The range of "tinkering" is huge. Tinkering could vary from cleaning a little grime off the wheels, up to stripping the loco down to a pile of parts and rebuilding. The needs of your warranty/return policy (and the price that comes with it) can change significantly based on what you are planning to do.


----------



## Old_Hobo (Feb 20, 2014)

Again, "used" locos will not likely have a warranty on them.....I think the warranty applies to a new locomotive, purchased by the original owner (but I may be corrected on that)....


----------



## EForbes (Dec 1, 2017)

Are you guys experiencing a lot of warranty work, i have been playing with trains off and on since the 70s and have yet to need to return a loco for warranty work, and i own all brands. Athearn, BLI, scaletrains all seem fine new or used, not alot to mess up. I have however had to send back several loksound decoders for warranty service.


----------



## Kadotus (Oct 28, 2016)

I was just trying to be fairly broad, I think the newest locomotive I own is the toy Bachmann I bought in the 80s.
Many ebay sellers have a non-DOA clause, which is what a used locomotive buyer may be looking for. Warranty is obviously the wrong word to use in this reference.


----------



## LateStarter (Mar 12, 2016)

I've bought two used locomotives on eBay over the years...
Both were at bargain prices, and both needed work to either look or run right. But they're fine now.
I did get what I paid for, but I can't say I haven't been lucky.


----------



## DonR (Oct 18, 2012)

I've bought 5 used Bachmann diesel locos over
the years. The first two came with factory 
DCC, the others I updated with Digitrax decoders.

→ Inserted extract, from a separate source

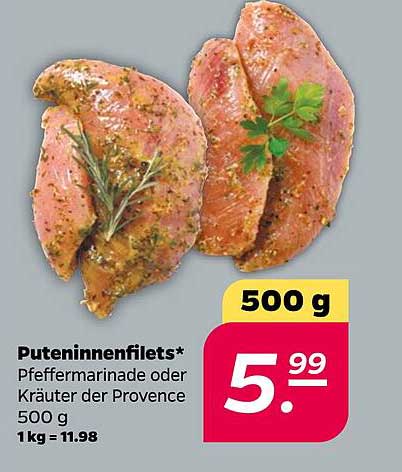 Puteninnenfilets mit Pfeffermarinade oder Kräutern der Provence – 500 g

All have been trouble free, good runners and
very good pullers.

I'd recommend that you are sure of the manufacture
date. If it's in the last 10 or so years you'll likely
have a good loco. The most likely problems will
be clogged or cracked gears. A good cleaning is
often all that is needed.

If you go to a train show there is always a test
track set up for all scales. The vendors usually
permit you to test a loco on it.

A good thing to take with you to a train show or
to see a used loco is a 9 volt battery. It will let
you see how well the loco runs.

Don


----------



## Rook (Nov 5, 2017)

Ended up with this little Athearn GP35. Think it is from 2006.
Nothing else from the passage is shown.